The scan node's `schema` field is a `datafusion_common.Schema`, not an
Arrow `Schema`. Convert between the two with the helper in
`org.apache.datafusion.proto.SchemaConverter`:
```java
import org.apache.arrow.vector.types.pojo.Schema;
import org.apache.datafusion.proto.SchemaConverter;
Schema arrow = ctx.tableSchema("lineitem");
DatafusionCommon.Schema schemaProto = SchemaConverter.toProto(arrow);
```
The full example: register the file once to introspect its schema,
then build a plan that scans the same file, sorts by `l_orderkey`,
and fetches the first row.
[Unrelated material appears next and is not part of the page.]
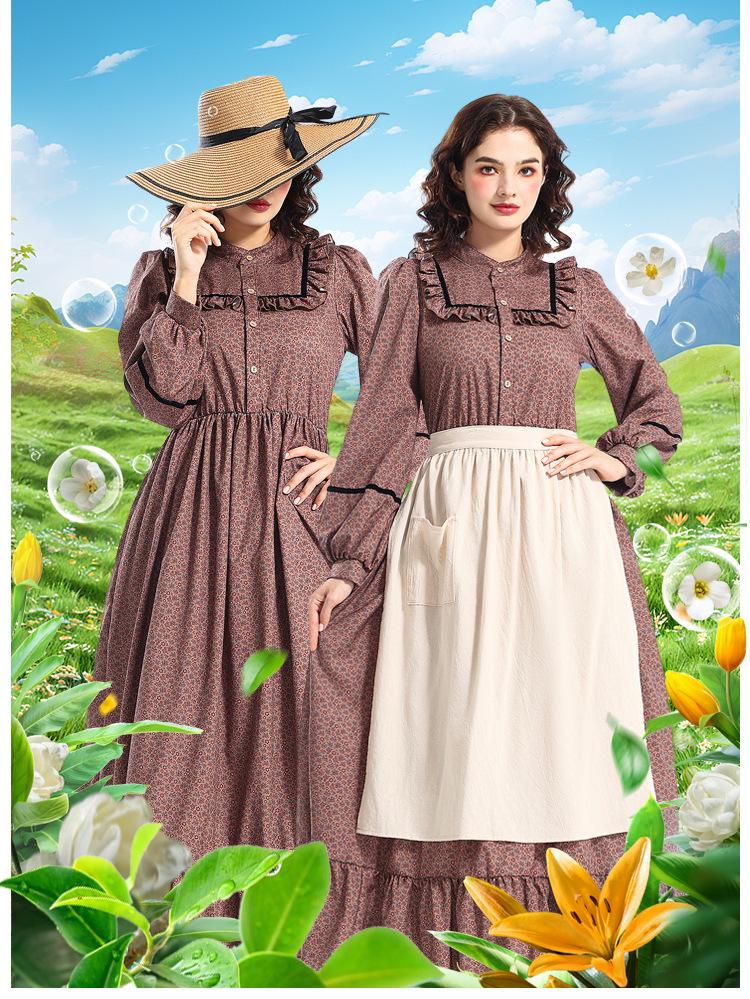 Prairie Colony Viktorianisches Blumenkleid – Halloween-Pionierkostüm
This is equivalent to
`SELECT l_orderkey FROM lineitem ORDER BY l_orderkey LIMIT 1`.
```java
import org.apache.datafusion.protobuf.BareTableReference;
import org.apache.datafusion.protobuf.ListingTableScanNode;
import org.apache.datafusion.protobuf.ProjectionColumns;
import org.apache.datafusion.protobuf.SortExprNode;
import org.apache.datafusion.protobuf.SortNode;
import org.apache.datafusion.protobuf.TableReference;
String path = "/path/to/lineitem.parquet";
try (var allocator = new RootAllocator();
SessionContext ctx = new SessionContext()) {
ctx.registerParquet("lineitem", path);
DatafusionCommon.Schema schemaProto =
SchemaConverter.toProto(ctx.tableSchema("lineitem"));
LogicalExprNode orderKeyCol =
LogicalExprNode.newBuilder()
.setColumn(DatafusionCommon.Column.newBuilder().setName("l_orderkey").build())
.build();
LogicalPlanNode plan =
LogicalPlanNode.newBuilder()
.setSort(
SortNode.newBuilder()
.setInput(
LogicalPlanNode.newBuilder()
.setListingScan(
ListingTableScanNode.newBuilder()
.setTableName(
TableReference.newBuilder()
.setBare(
BareTableReference.newBuilder()
.setTable("lineitem")
.build())
.build())
.addPaths(path)
.setFileExtension(".parquet")
.setSchema(schemaProto)
.setProjection(
ProjectionColumns.newBuilder()
.addColumns("l_orderkey")
.build())
.setParquet(
DatafusionCommon.ParquetFormat.getDefaultInstance())
.setTargetPartitions(1)
.build())
.build())
.addExpr(
SortExprNode.newBuilder()
.setExpr(orderKeyCol)
.setAsc(true)
.setNullsFirst(false)
.build())
.setFetch(1)
.build())
.build();
try (DataFrame df = ctx.fromProto(plan.toByteArray());
ArrowReader reader = df.collect(allocator)) {
reader.loadNextBatch();
// ...
}
}
```
## When to use proto plans
The `sql` and DataFrame APIs are the right choice for most workloads.
Reach for `fromProto` when you need one of:
- **Cross-tool interop.** Accept plans produced by another
DataFusion-based system (a planner, a scheduler, a query frontend).
- **Programmatic plan construction.** Build the plan node tree directly
instead of going through SQL parsing, useful for tools that compile
their own surface language to DataFusion.
- **Plan persistence.** Serialize a plan to bytes, store or transmit
it, and execute it later — possibly in a different process or on a
different machine.
## Schema conversion support
`SchemaConverter.toProto` and `SchemaConverter.fromProto` support the
primitive Arrow types this project's tests exercise: `Bool`, signed and
unsigned integer types 8 through 64 bits, `Float32`, `Float64`, `Utf8`,
`Utf8View`, `LargeUtf8`, `Date32`, and `Decimal128`. Anything else
raises `UnsupportedOperationException` naming the offending type.